I never intended to be a mother of a Demon Baby. My other three children are very creative and wonderful and . . . calm. Oldest Son walked in to the house from high school yesterday and said, "I've thought about it and I think I want to be a Buddhist. I want to find enlightenment." That's Oldest Son, all right. Calm. Peaceful. Brilliant. Zen.
My other three didn't have childhoods like his, and I confess I spend a great deal of prayer time and a great deal of tears over how, precisely, to be a good mother to this amazingly wonderful HIGH-energy child, who makes me feel anything BUT zen.
This blog is full of his funny stories. But what I don't post . . . the fact that he gave up naps by a year or so old, was climbing from his crib at 13 months, and doesn't need to sleep. Some of his oddities, like needing a separate fork for all the items on his plate, and the off-the-charts tears and hysteria that can result if he doesn't have separate forks. It's not "faked" on his part. The anguish is palpable, so I spend time trying to understand the way he sees the world. I suppose that is the best I can do. And now . . . .
He has started escaping the house. And crossing the street. And going to neighbors' homes. Even at night. On nights without a moon. When it is pitch dark. So much for my showering in the evenings when the other kids are asleep. And recently? He sleepwalks.
So now I must purchase door alarms and all sorts of latches, not to keep intruders out, but to keep my child in.
Last night, I tucked him in around 9:30 (EARLY for him, since he does NOT sleep). And he popped into my room at 11:00 to watch the end of the Yankees game with me. We snuggled and he told me I was the best mother in the world. Something I wish were true, but is far from it.
"Well . . . I wish I was more patient. I'm sorry I sometimes yell at you. I guess I don't understand why you do such naughty things." (Oh, like peeing places he shouldn't, and kick-boxing his brother.)
"When you yell at me, I get angry and then it makes me want to do bad things. I have an evil king inside my head, and he sometimes tells me to do naughty things just to make you mad."
"Well, don't listen to your evil king."
Oh, our conscience can be at work, even at age 4.

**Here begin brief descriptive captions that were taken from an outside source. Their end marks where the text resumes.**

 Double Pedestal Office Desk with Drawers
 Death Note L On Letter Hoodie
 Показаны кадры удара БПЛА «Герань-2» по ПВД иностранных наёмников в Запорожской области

The blog? It really is to remember all the funny things, for the times when I want to cry. Discovering your child has left the house while you were asleep or folding laundry? That he is so fearless--even in the dark and the cold, to leave barefoot and go exploring? It strikes terror in me. I don't sleep. I make coffee and stay awake. And now, bless the man who told me where to get these alarms (Radio Shack). I don't like to use my deadbolt. Fear of a fire . . . I want the kids to be able to run out without fumbling for a lock. But now . . . along comes a special child. And so the way I used to do things has to change. The way I used to mother has changed. It is me . . . me who is walking barefoot in the dark, not quite sure of how to do things anymore.
His pediatrician said, "Would you want to medicate him?"

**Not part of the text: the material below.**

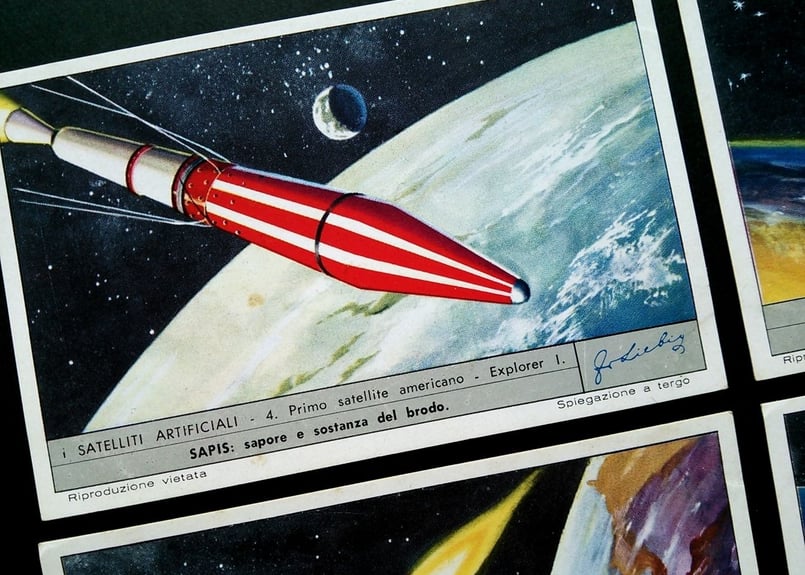 1960年 LIEBIG◇人工衛星6種アンティーク・ビンテージカード | Astro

No. And occasionally I hear from a lurker or two to this blog who reprimand me and think all he needs is a really good spanking. I don't want to hear from you. That isn't the answer. And for me, neither is medicating the spark out of him. The pediatrician looked relieved and said, "Good. Because I just think he's a genius. Channel it."
But how can you channel something so remarkable?
It's funny to be a writer and a blogger. After I am gone, my children can read my words. I can only hope someday he will look at this and know how horribly inadequate I felt, how hard I tried, and how fiercely he was loved. He is God's practical joke. I thought I knew how to be a mother. But I have a lot left to learn. What is the zen saying? When the pupil is ready . . . the teacher will appear.